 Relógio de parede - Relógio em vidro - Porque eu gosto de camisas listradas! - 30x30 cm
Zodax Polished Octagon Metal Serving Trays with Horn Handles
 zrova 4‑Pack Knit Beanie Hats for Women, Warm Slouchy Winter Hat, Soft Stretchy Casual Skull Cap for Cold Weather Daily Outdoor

--

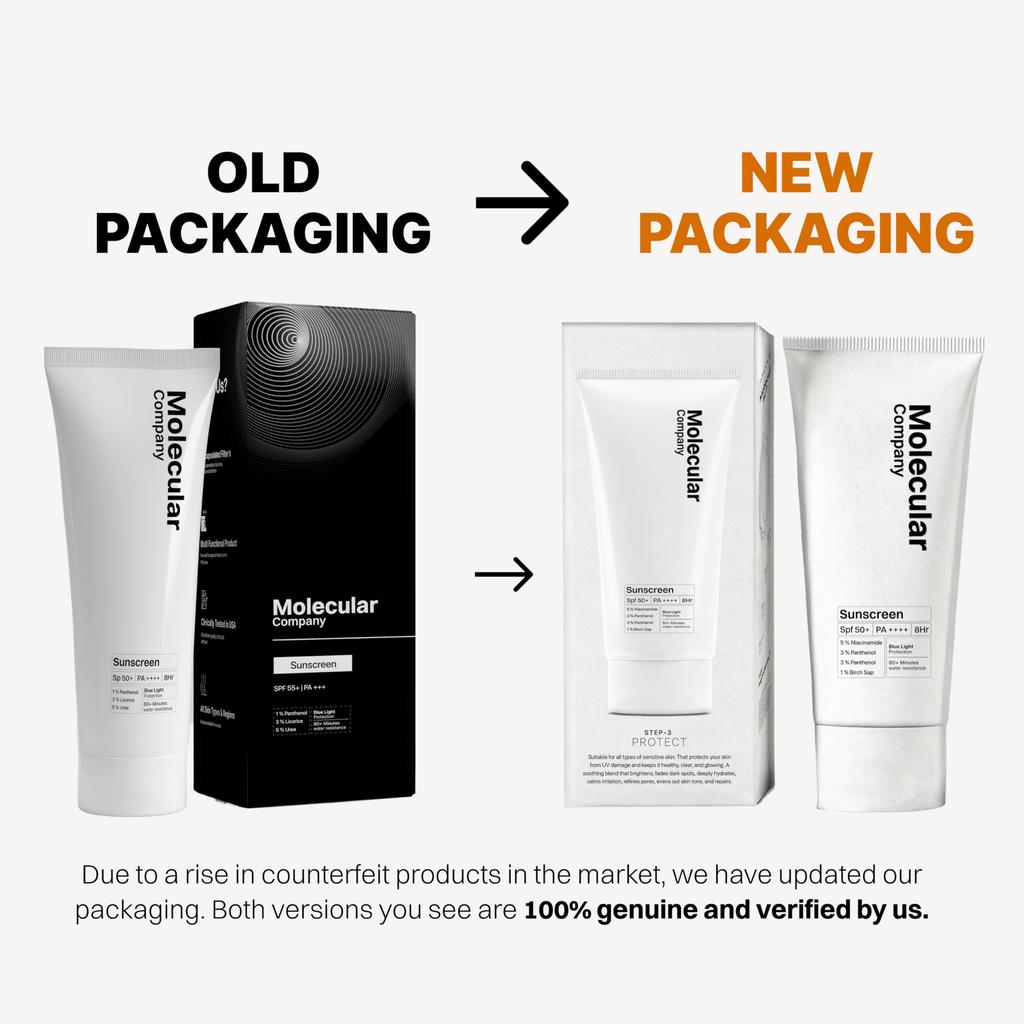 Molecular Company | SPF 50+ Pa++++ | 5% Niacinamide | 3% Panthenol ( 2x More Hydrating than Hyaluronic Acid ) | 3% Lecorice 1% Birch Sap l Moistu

**Task objective:** Take the listing above and repeat exactly the lines from the one containing "Zodax Polished Octagon" through the one containing "zrova 4‑Pack Knit", both included.

**Reply:**
Zodax Polished Octagon Metal Serving Trays with Horn Handles
 zrova 4‑Pack Knit Beanie Hats for Women, Warm Slouchy Winter Hat, Soft Stretchy Casual Skull Cap for Cold Weather Daily Outdoor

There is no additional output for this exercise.